### [Exercise]
Return, exactly and in full, the lines of the records below starting at the one with "green rug bedroom 22" and ending at the one with "1960s-70s Portuguese Lidded", and no other lines.

### [Extracted data]
"""

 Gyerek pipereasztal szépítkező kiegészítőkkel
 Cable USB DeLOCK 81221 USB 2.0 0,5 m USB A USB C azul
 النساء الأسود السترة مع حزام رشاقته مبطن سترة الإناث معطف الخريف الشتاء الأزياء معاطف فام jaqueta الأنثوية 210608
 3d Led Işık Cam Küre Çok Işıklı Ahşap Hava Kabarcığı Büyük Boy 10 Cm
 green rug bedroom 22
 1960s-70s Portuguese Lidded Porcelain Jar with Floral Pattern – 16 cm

"""
"""

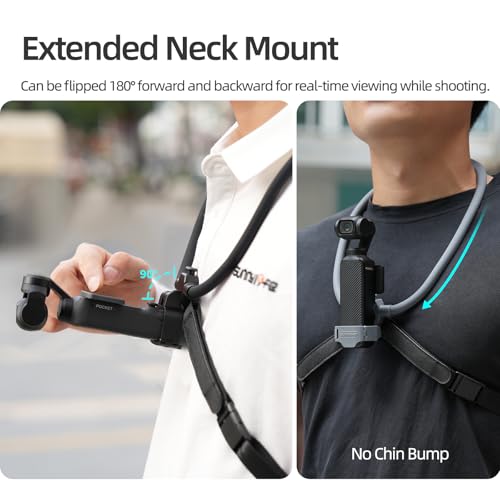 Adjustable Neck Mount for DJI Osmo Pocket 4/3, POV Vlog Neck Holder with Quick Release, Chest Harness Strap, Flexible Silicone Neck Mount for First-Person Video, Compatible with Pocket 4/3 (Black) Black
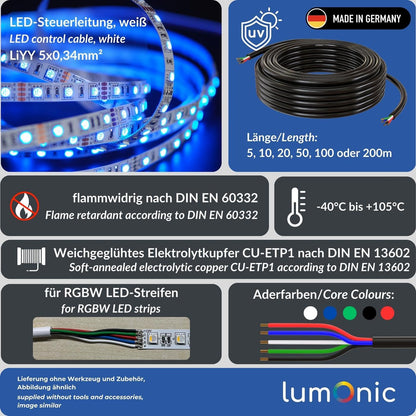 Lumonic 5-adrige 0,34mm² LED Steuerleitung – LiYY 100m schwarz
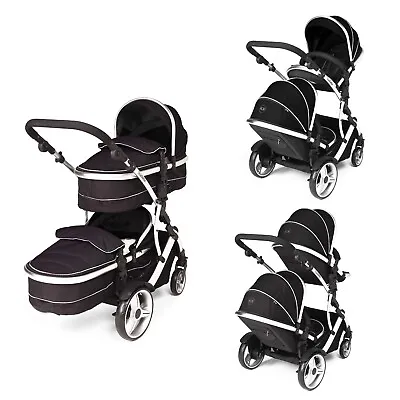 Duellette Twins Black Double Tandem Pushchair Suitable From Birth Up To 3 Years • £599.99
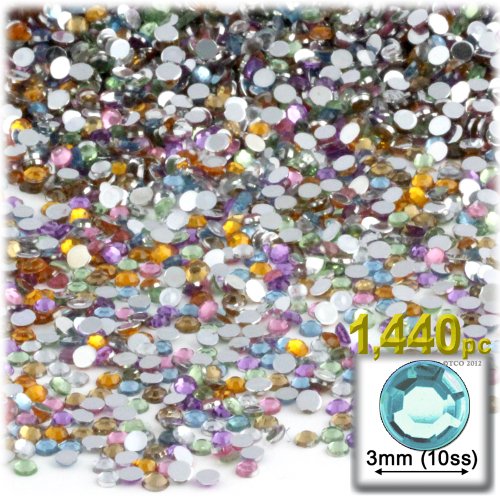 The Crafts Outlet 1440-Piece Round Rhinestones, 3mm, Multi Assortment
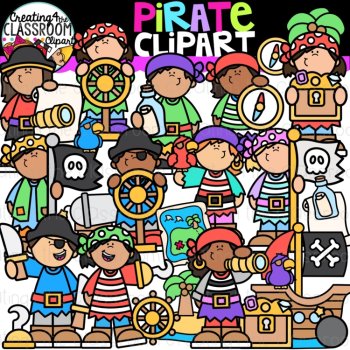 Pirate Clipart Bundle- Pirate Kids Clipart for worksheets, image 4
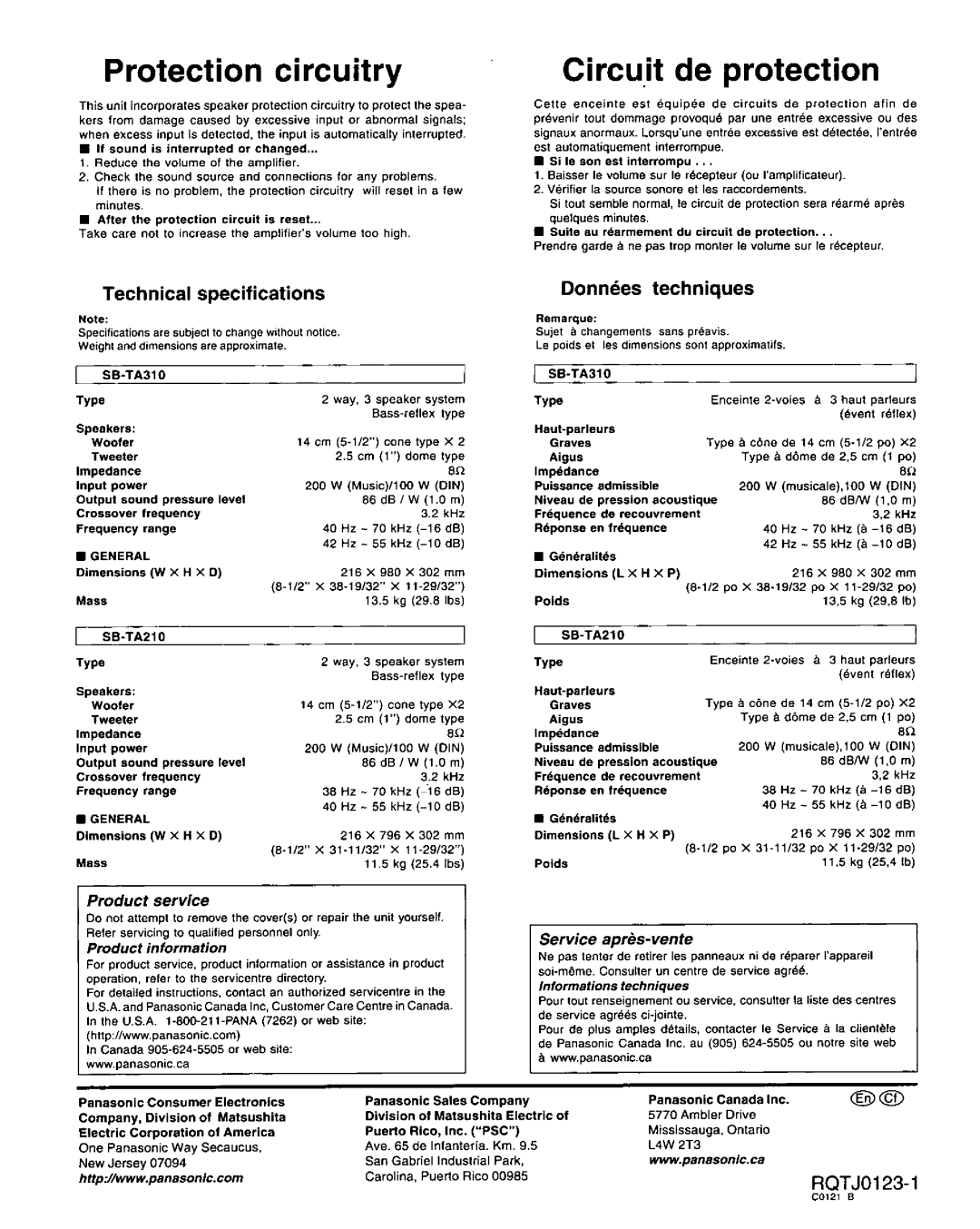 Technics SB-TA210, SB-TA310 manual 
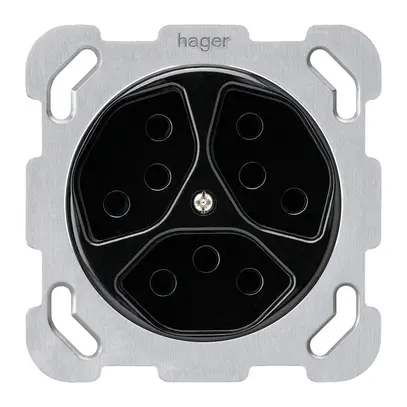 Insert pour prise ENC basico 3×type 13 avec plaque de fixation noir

"""
"""

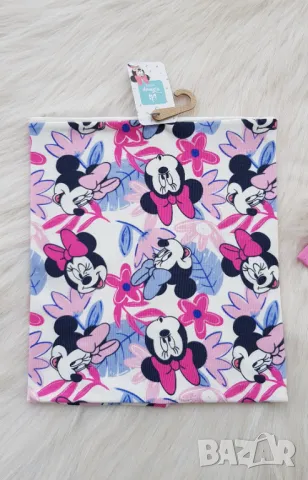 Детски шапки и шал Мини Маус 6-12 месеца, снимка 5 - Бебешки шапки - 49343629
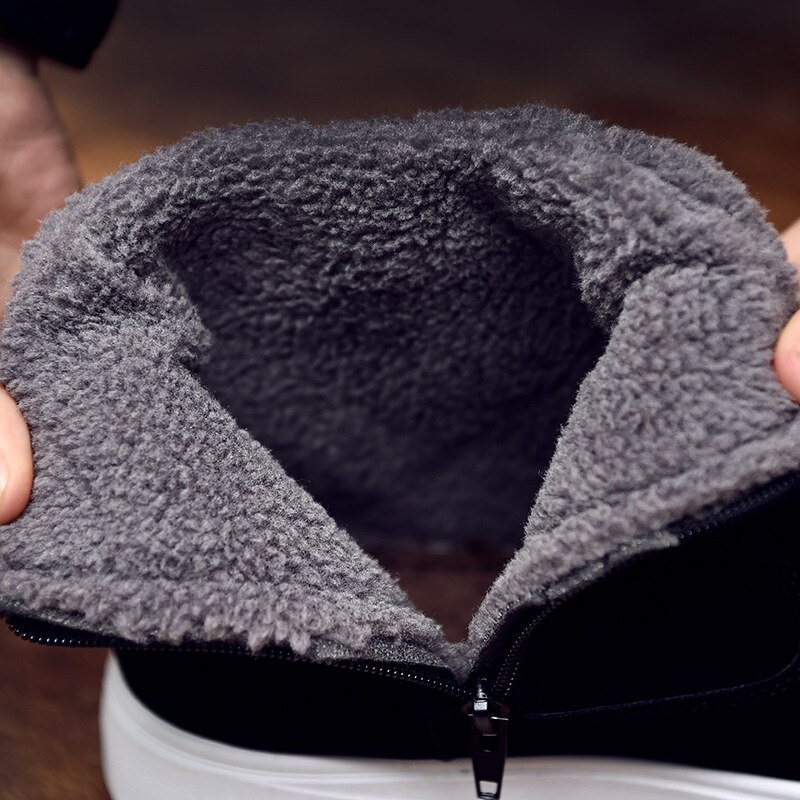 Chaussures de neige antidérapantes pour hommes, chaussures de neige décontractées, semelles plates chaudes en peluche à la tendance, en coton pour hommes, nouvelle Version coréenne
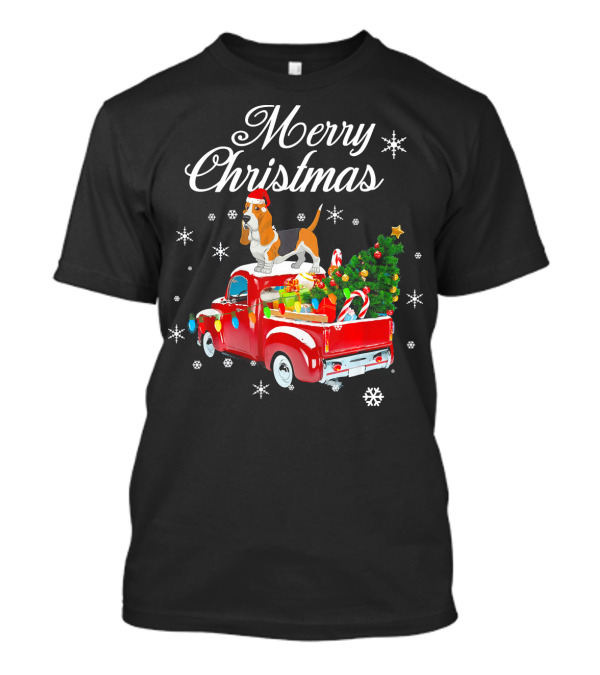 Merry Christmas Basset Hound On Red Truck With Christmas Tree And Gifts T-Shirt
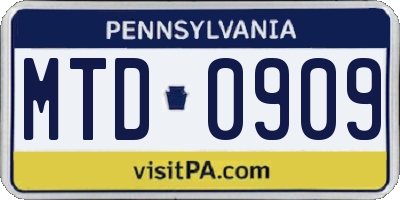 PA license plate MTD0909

"""

### [Response]
 green rug bedroom 22
 1960s-70s Portuguese Lidded Porcelain Jar with Floral Pattern – 16 cm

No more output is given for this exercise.